How feasible is it for countries to meet the economic convergence criteria
The three primary criteria being used are: a budget deficit of not more than three per cent; average annual inflation of less than 10 per cent with a long term goal of not more than five per cent by 2019; and gross reserves that can finance at least three months of imports.
The three secondary convergence criteria are public debt/Gross Domestic Product of not more than 70 per cent; Central Bank financing of budget deficit should not be more than 10 per cent of previous year’s tax revenue; and nominal exchange rate variation of plus or minus 10 per cent.
Since 2000, no country has met all the criteria at the same time, only Togo and Guinea did in 2019 but both have small economies and Nigeria has the largest economy in the subregion. Nigeria also has the highest GDP, if you combine all the other countries’ GDP; they’re not up to that of Nigeria.
For us to have a common currency, Nigeria must be carried along, as having the biggest economy in the sub-region.

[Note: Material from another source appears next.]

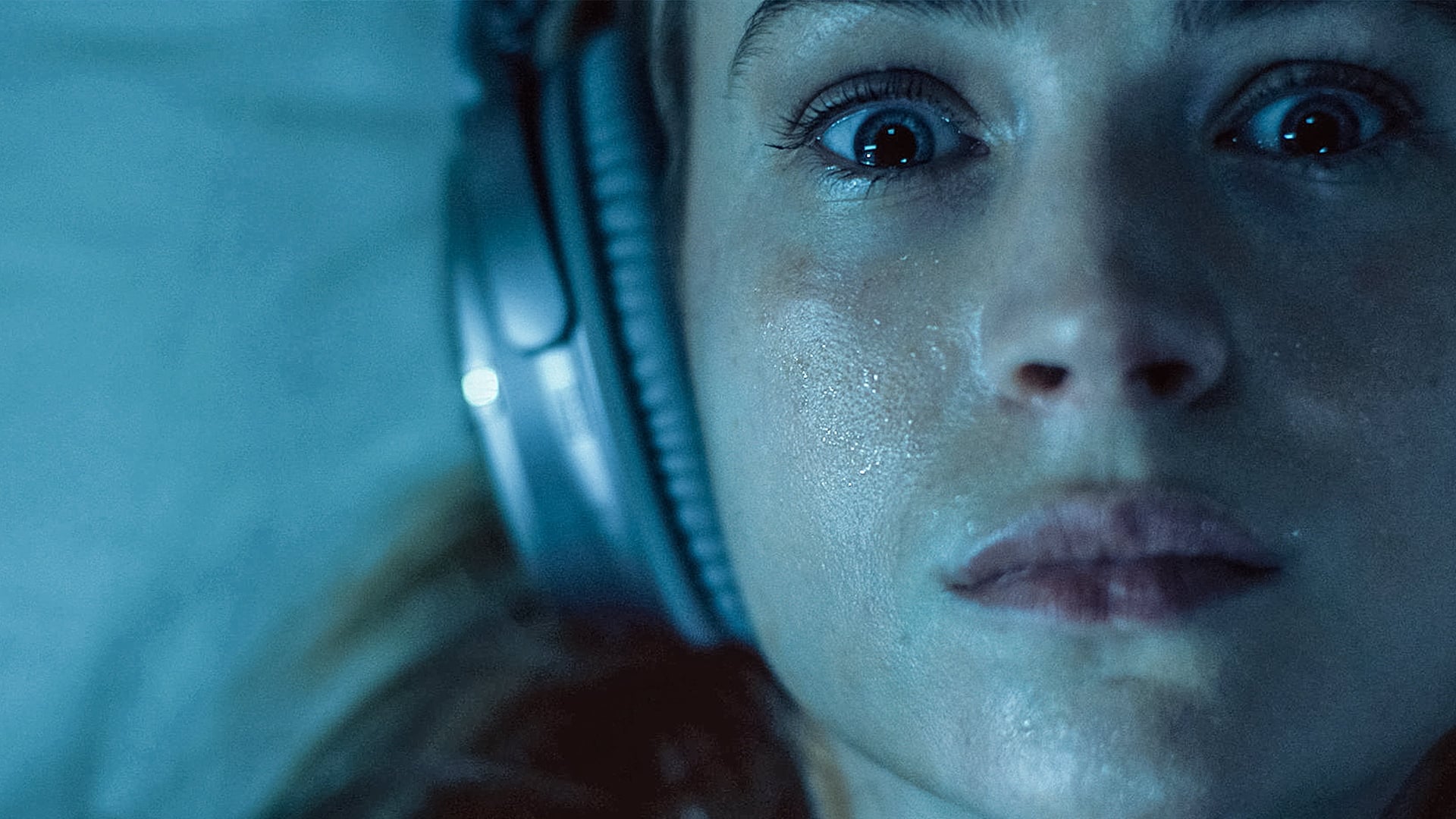 Foto do filme Livros de Sangue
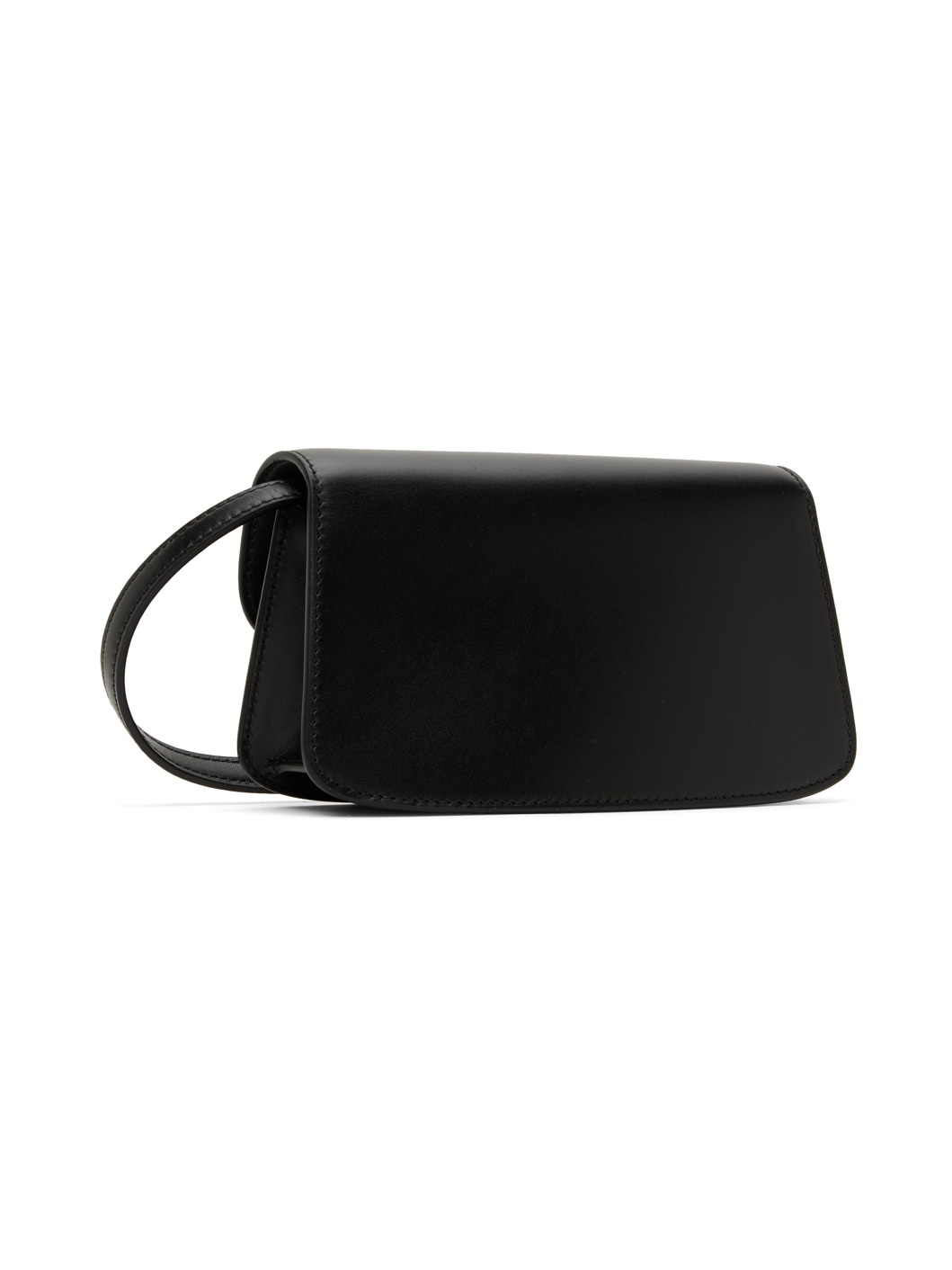 Black E/W Sofia Bag - 3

Reduction of economic convergence criteria and 3.4% growth rate projection
The reduction of the criteria from 11 to 6 was in order, where the primary criteria are being retained. He however said the secondary criteria were too complex and demanding and too unrealistic.
On whether or not the 3.4 per cent growth rate projected for the ECOWAS region in 2019 against three per cent experienced in 2018 would be achieved, I am optimistic that it was feasible, but only if efforts are made by ECOWAS countries to diversify their economies making them more productive. Efforts must be made to industrialise.

Adopting the Naira
If not for national pride, if you’re using the market forces where the naira is accepted even in the black market and in at least 5 ECOWAS countries (Guinea, Ghana, Gambia, Sierra Leone, even up to Mauritania), the naira should have just been adopted.
No country wants to drop its own currency for another, so they prefer to use a neutral currency.

Delay in adoption
The fact that the Anglophone West African countries have different currencies is a problem. The countries have been shifting the goal post as to when to begin adoption of the ECO, but the Heads of States and Governments have said it should be this year 2020, that’s why all these meetings are going on.
Nigeria and the other Anglophone West African countries have asked the Francophone speaking countries to provide a roadmap of when they will delist with France, because having one currency will mean putting the currency under their reserve.
We have one monetary, fiscal policy and one Central Bank but it is not like that with the Euro because right now all their reserves are in France.
When you have a monetary union you have all the reserves in the West African Central Bank. It was however agreed that all the ECOWAS countries will begin to use the ECO at the same time once they meet the economic convergence criteria.

Implication for Nigeria
In the short term Nigeria will carry the burden if the convergence is not well done, since we’re the largest economy in the sub-region.
Our reserve is the largest and it means it will be put in the pull for others to share. The budget will be determined by the Monetary Union, and once the Francophone countries delist from France their macro- economic decisions will become different and that will pose another problem because they too will not meet the convergence criteria.
There has to be the political will; in the long run it will be positive for Nigeria because we’ll now have a market to export our goods and the union will now be a big market to compete with Europe and America.

Way forward
Heads of States and governments should meet and resolve the problem with regard to economic convergence criteria which is the major problem.
You cannot have a monetary union based on politics.